Family spokesman John Mayhew told New Zealand television that Lomu’s death was “totally unexpected” and that he had only arrived back from the UK on Tuesday, after spending time there for the Rugby World Cup.
New Zealand Prime Minister John Key said: “The thoughts of the entire country are with his family.”
In an interview with the Daily Mail in August, Lomu had said he was on dialysis and hoping for a second kidney transplant.
He is survived by his wife Nadene and two sons.
‘Blend of pace, power and size never before seen’
Jonah Lomu in action against England in the 1995 Rugby World Cup semi-final
Jonah Lomu scored 43 All Blacks tries, including four against England in the 1995 World Cup semi-final
BBC Radio 5 live’s rugby union reporter Chris Jones:
No-one transcended the sport of rugby union quite like Jonah Lomu. Bursting onto the scene of the 1995 World Cup, Lomu was a force of nature, the player of the tournament by some distance. His blend of pace, power and size never before seen.
Despite his health problems, he had been working in the UK during the recent Rugby World Cup, which makes his death all the more shocking.
Quite simply, Lomu was a giant of world rugby. The man who changed the game forever.
Lomu made his Test debut in 1994 against France in Christchurch.
As well as playing for several domestic teams in his homeland, he made 10 appearances for Cardiff Blues in Wales between 2005 and 2006, shortly before his retirement.
Despite never winning the World Cup, he is the joint top try-scorer in its history – alongside South Africa wing Bryan Habana – with 15 tries in 11 games during the 1995 and 1999 tournaments.
The winger captured global attention by scoring four tries against England in the 1995 semi-final, including a memorable solo effort where he ran over the top of full-back Mike Catt.
Former New Zealand captain Sean Fitzpatrick tweeted: “Our thoughts are with the Jonah Lomu family tonight. A very special person.”

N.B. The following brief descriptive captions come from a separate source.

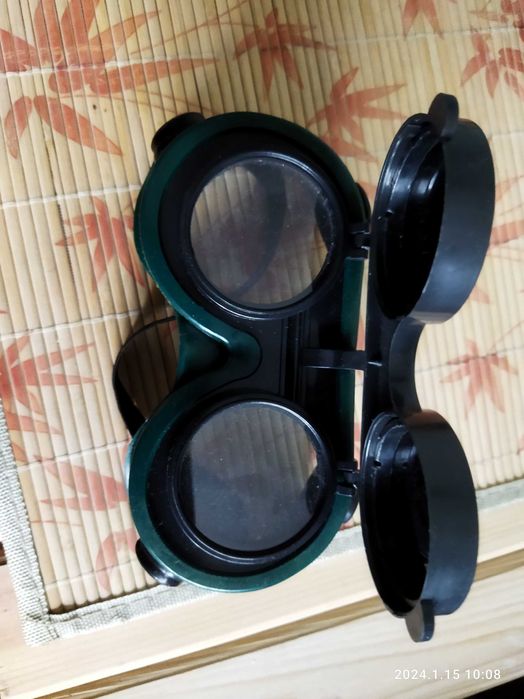 Очки газосварщика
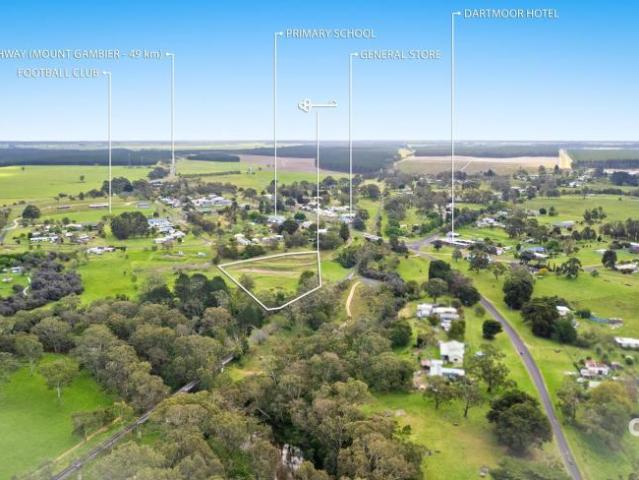 Land for sale in Dartmoor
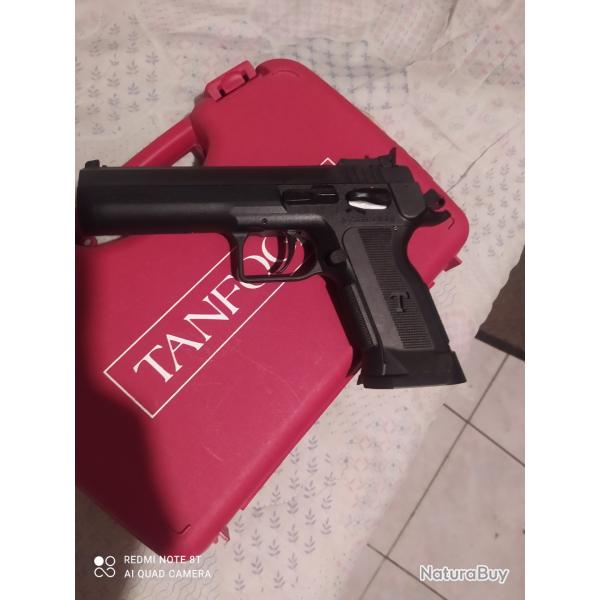 pistolet tanfo 9mm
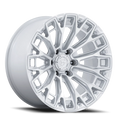 D882 20X9 6X5.5 G-SLV MACH-FC 1MM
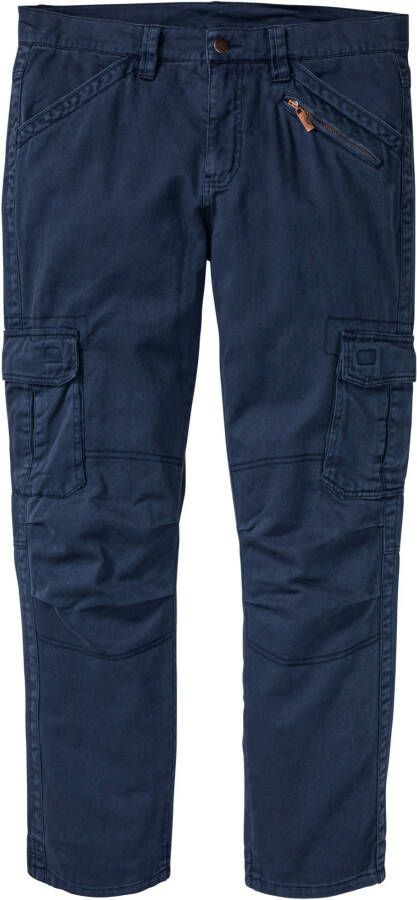 bonprix Loose fit cargo broek, straight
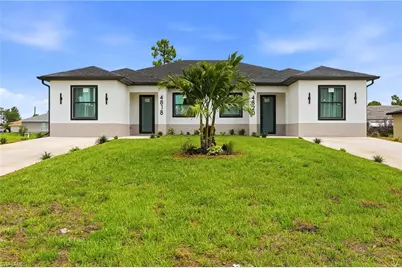 4818/4820 Golfview Blvd, Lehigh Acres, FL 33973 - Photo 2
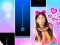 Leikur Maria Clara e JP Piano Game Tiles á netinu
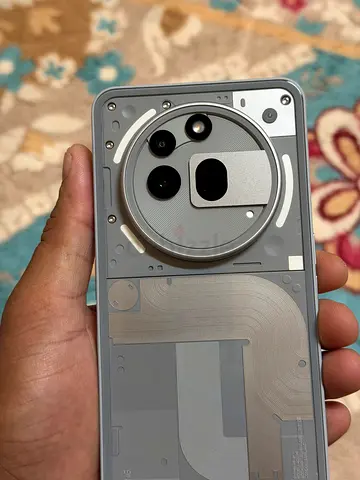 Nothing phone 3A pro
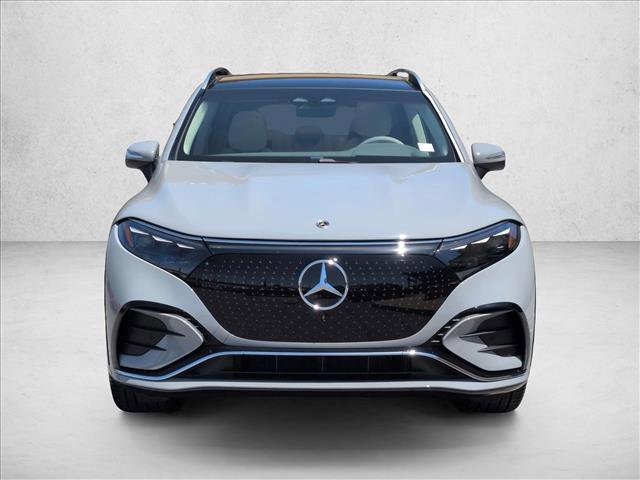 New 2026 Mercedes-Benz EQS 400 4MATIC SUV image 6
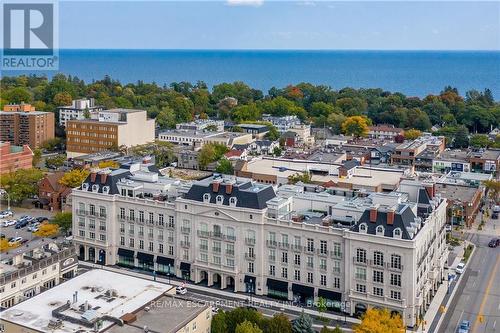 304 - 300 Randall Street, Oakville, ON - Outdoor With View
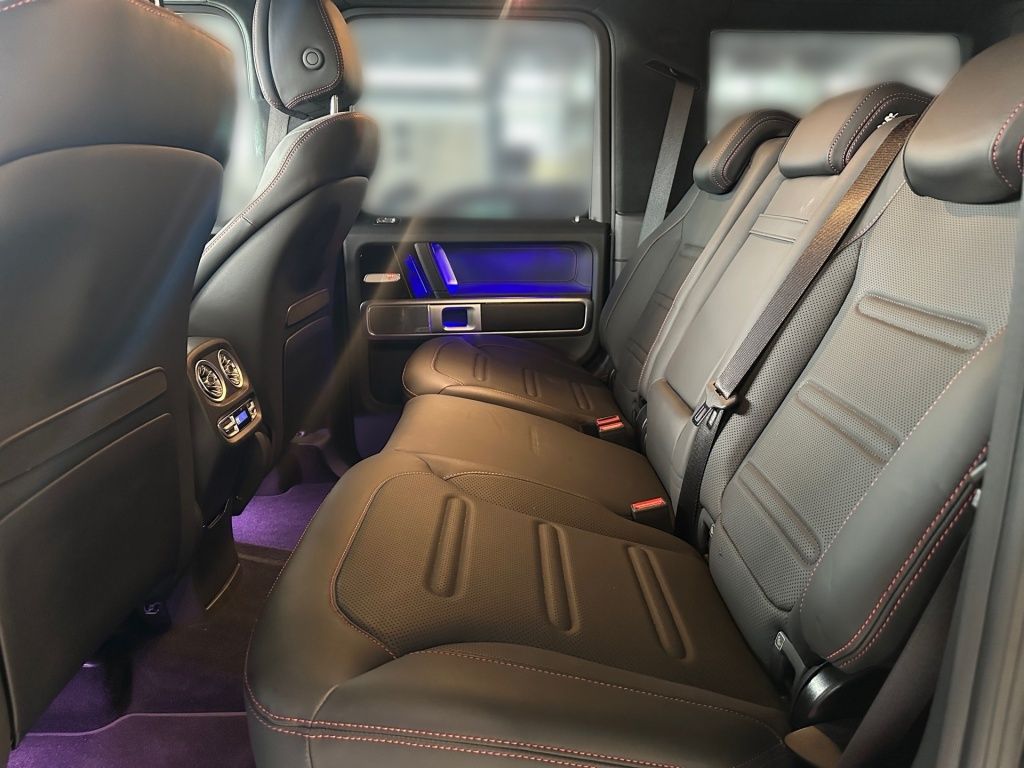 Fahrzeugabbildung Mercedes-Benz G 350 d AMG AHK ACC 360° SDHZ Totwi. Burm. Navi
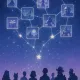 Constellation of Memories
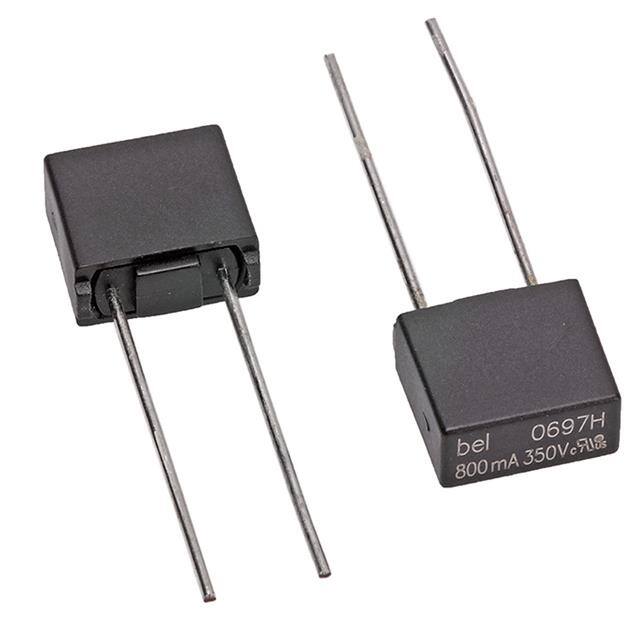 0697H3000-02 Bel Fuse Inc. Fusibles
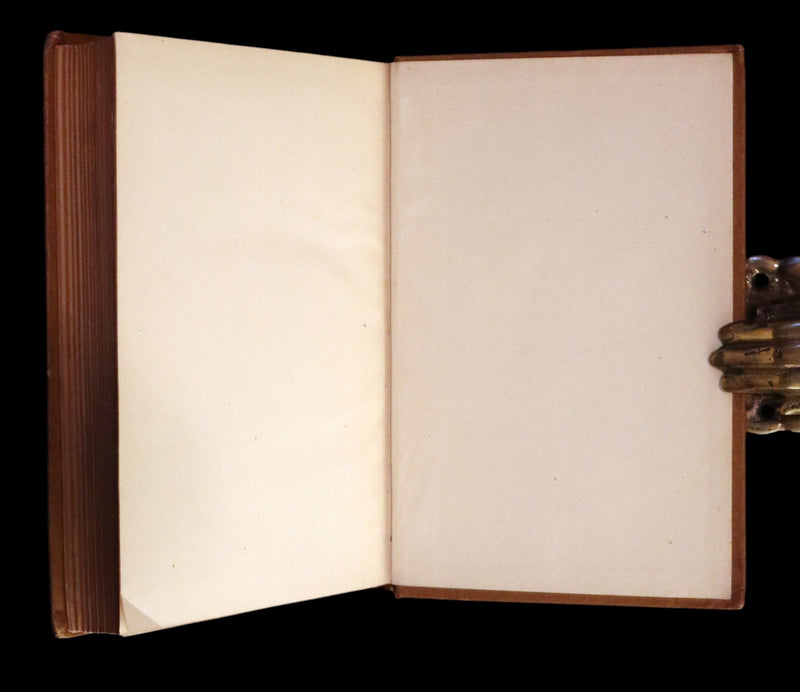 1870 Rare Book - The STARLING - A Scotch Story by Norman MacLeod.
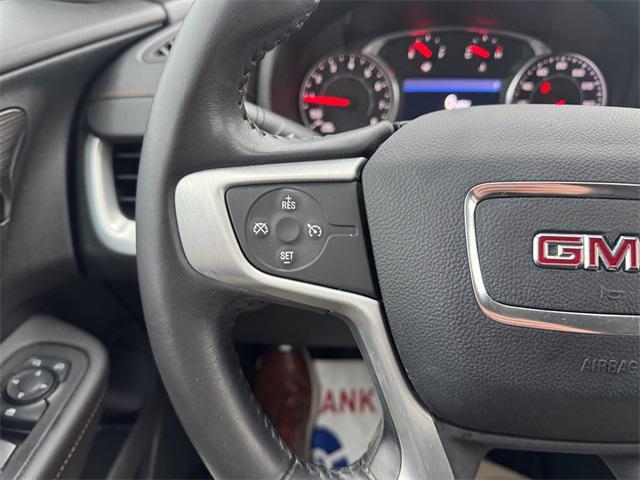 used 2019 GMC Terrain car, priced at $15,490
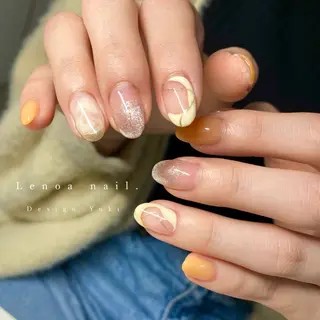 ネイル Lenoa Yukiのネイルデザイン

All Blacks World Cup winner Dan Carter tweeted: “I still can’t believe the sad news. Love and thoughts go out to Jonah’s family.”
And former Wales fly-half Jonathan Davies said: “Can’t believe that Jonah Lomu has passed away. Was with him and his wife and family for an evening last month.
“So sad, life is so cruel. RIP Jonah you were a true legend and a gentleman. You changed the game of rugby and will be sorely missed. My thoughts are with your family.”